Wednesday, August 1, 2007

A Site of Interest for Blogging

The Dionaea House.

I'll be bringing this up in tutorial this week, but this is a website that uses the tropes and forms of webpages and blogs to make the story more evocative, in the same way that radio-show fiction is shaped to be read over the air. I'll be interested to see what people think of it.

As instructions go, follow the Next button at the bottom of the page until you reach a page called "Updates and Other Resources." Then read in date order for best effect.

When you reach a link that goes to a blog, the oldest posts are at the bottom of the page, so reading in date order means you start there.

And instantly, I have made this sound far more boring than I found it. Go me.

- Kevin.

4 Comments:

Blogger Erin said...

I didn't really read the title of your blog post, "Blogging Fiction," and just clicked on the link and started reading. I was really, really creeped out after I read everything. I thought it was real because it seems so true with all the blogs, etc. to back it up. It's really not real? Wow.

August 1, 2007 at 10:52 PM  
Blogger Kevin Veale said...

Success!

That story scared the bejeezus out of me, and I'm fascinated with how it used the format and tropes of the web to make itself more evocative.

If it creeped out even one person, I thought I'd see it as a win.

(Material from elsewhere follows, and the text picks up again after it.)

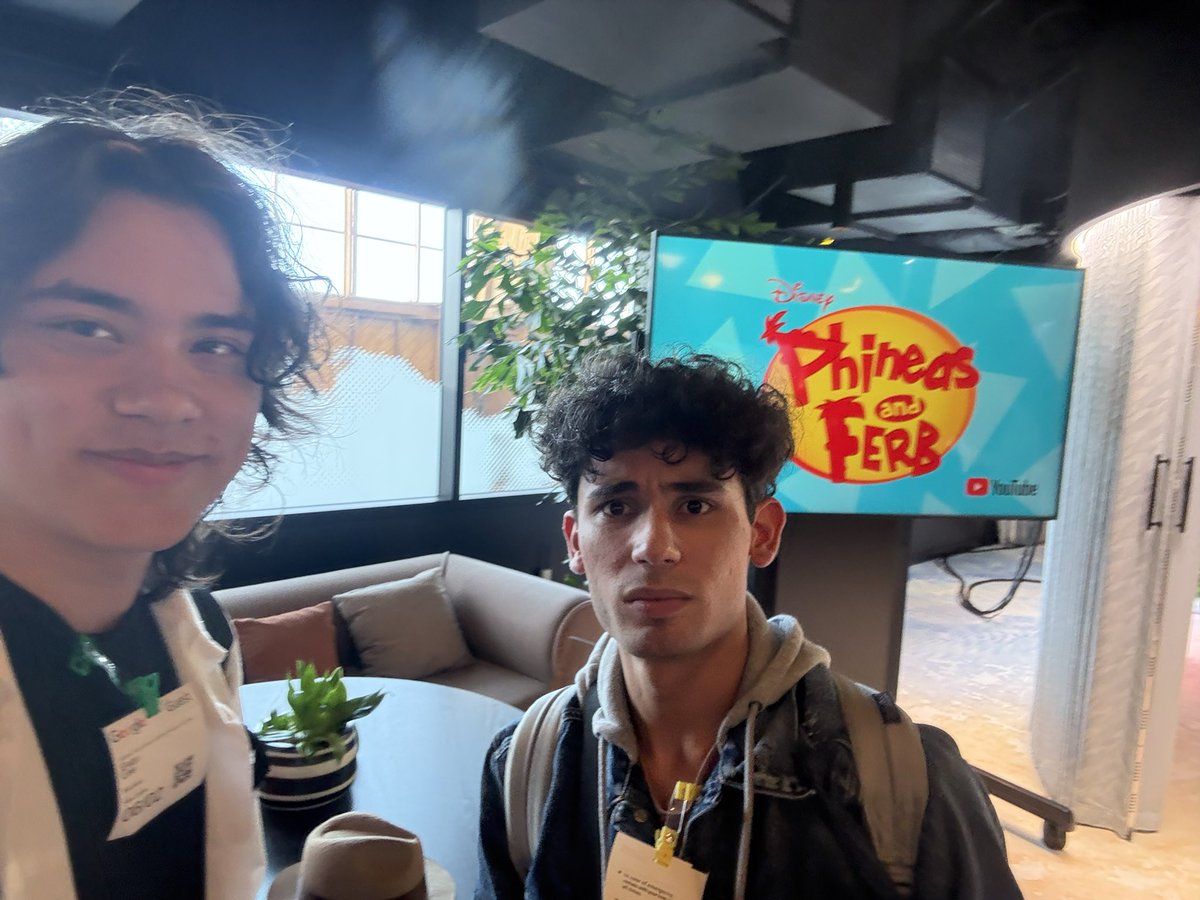 EvanTube2️⃣ tweet media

What about the way it was put together made it more creepy for you?

Also, as you pointed out it might be even more effective without being telegraphed that it's fiction, so I've changed the title of the post in the hopes of snaring more readers.

- Kevin.

August 2, 2007 at 9:47 AM  
Blogger Erin said...

I think the fact that it incorporated disbelievers into the story line really made it more effective. Also, because comments on blogs seem very personal to me, seeing real/unreal people comment on the blogs made the story seem legitimate. Some of the comments even ventured to say that "people" saying the story is fiction is really part of the whole trap to get more people ensnared by the house. This whole idea sent my head into a confused, scary place full of speculation. Needless to say, I didn't get much sleep last night.

August 2, 2007 at 9:58 AM  
Blogger Kevin Veale said...

Yeah, it made me sleepless when I read it too, and I made the mistake of reading it late at night when alone in a big creaky house. Not a wise move.

Sorry to have damaged sleep patterns, but glad you thought it was interesting.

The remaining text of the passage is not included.